How to complete this task: Each line of the data below between the one containing "PLUSH BENIOURAIN RUG, Moroccan" and the one containing "Halloween Family Portrait: A", both included, is to be repeated exactly. Please omit pictures.

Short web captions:
▼
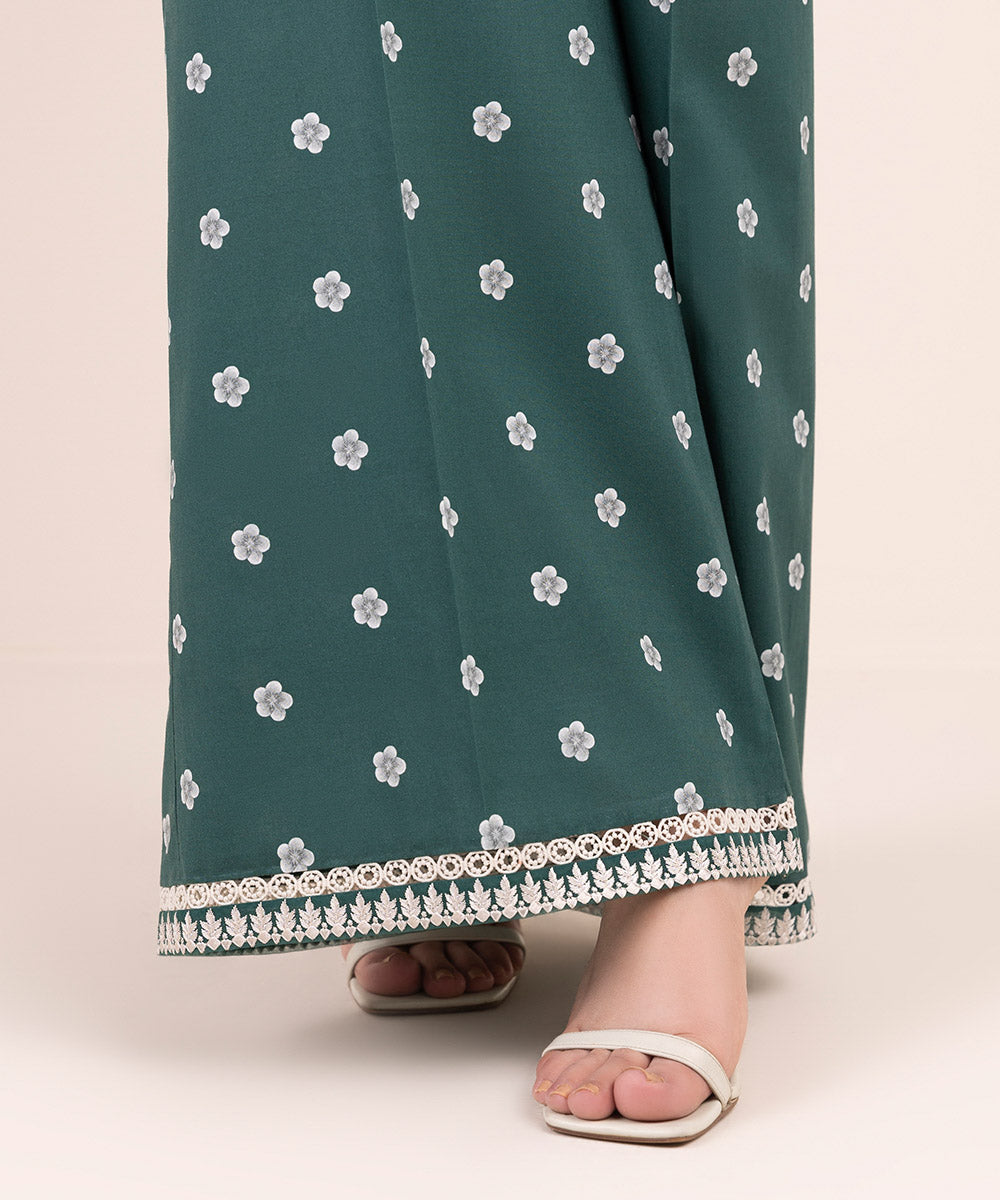 Women's Pret Cambric Green Printed Culottes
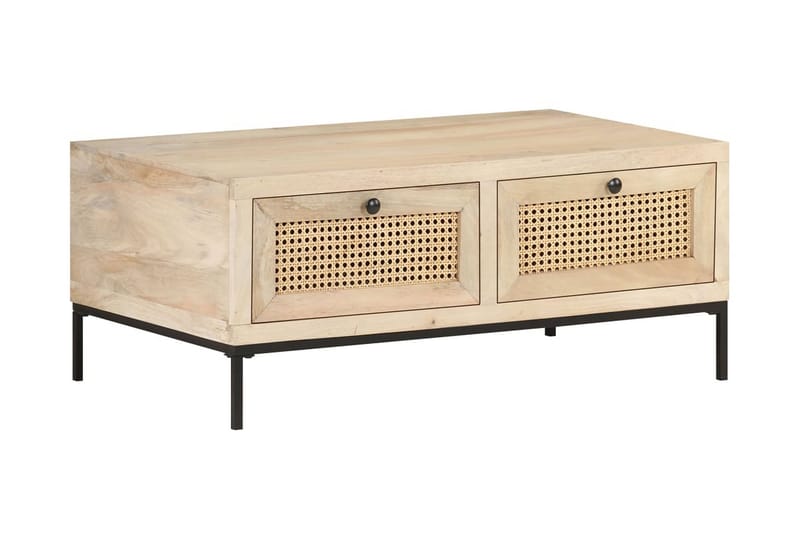 sofabord 90x50x37 cm massivt mangotræ og naturligt rørflet - Brun - Møbler - Borde - Sofabord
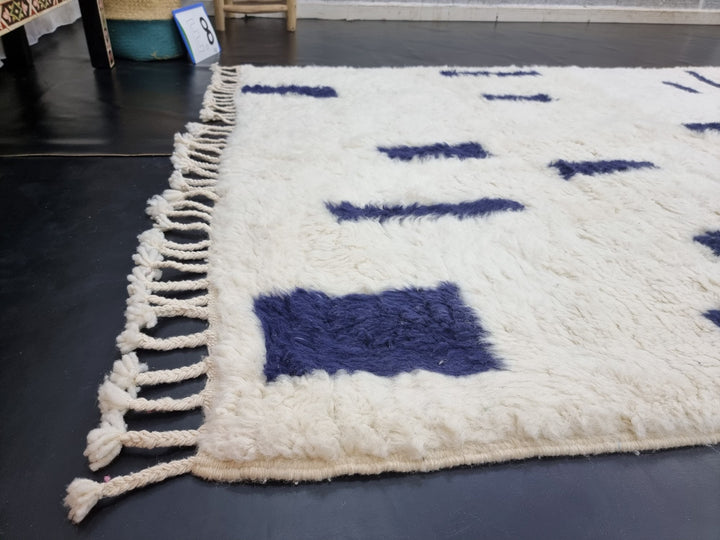 PLUSH BENIOURAIN RUG, Moroccan Rug , White  Navy Blue Rug, Wool Handwoven Rug, Handmade Rug, Area Rug, Berber Rug, Abstract Rug.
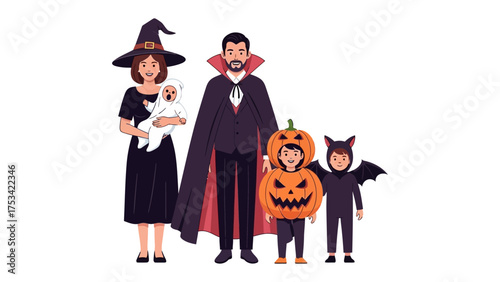 Halloween Family Portrait: A family, united by the spooky spirit of Halloween, poses in their creative costumes, ready for a night of festive fun and frights.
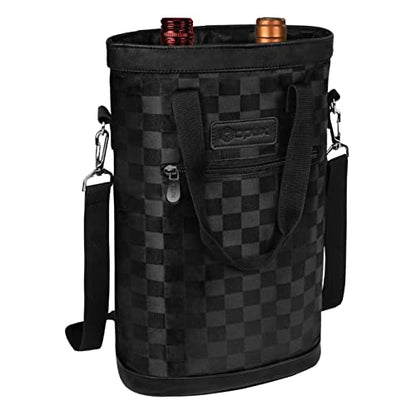 opux Two Bottle Wine Bag Carrier Tote, Insulated Leakproof 2 Bottle Wine Cooler Bag for Travel BYOB Picnic, Portable Wine Case, Gift for Men Women Wine Lover Birthday Party Christmas, Checker Black - color: Black Square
▲
Exercise output:
 PLUSH BENIOURAIN RUG, Moroccan Rug , White  Navy Blue Rug, Wool Handwoven Rug, Handmade Rug, Area Rug, Berber Rug, Abstract Rug.
 Halloween Family Portrait: A family, united by the spooky spirit of Halloween, poses in their creative costumes, ready for a night of festive fun and frights.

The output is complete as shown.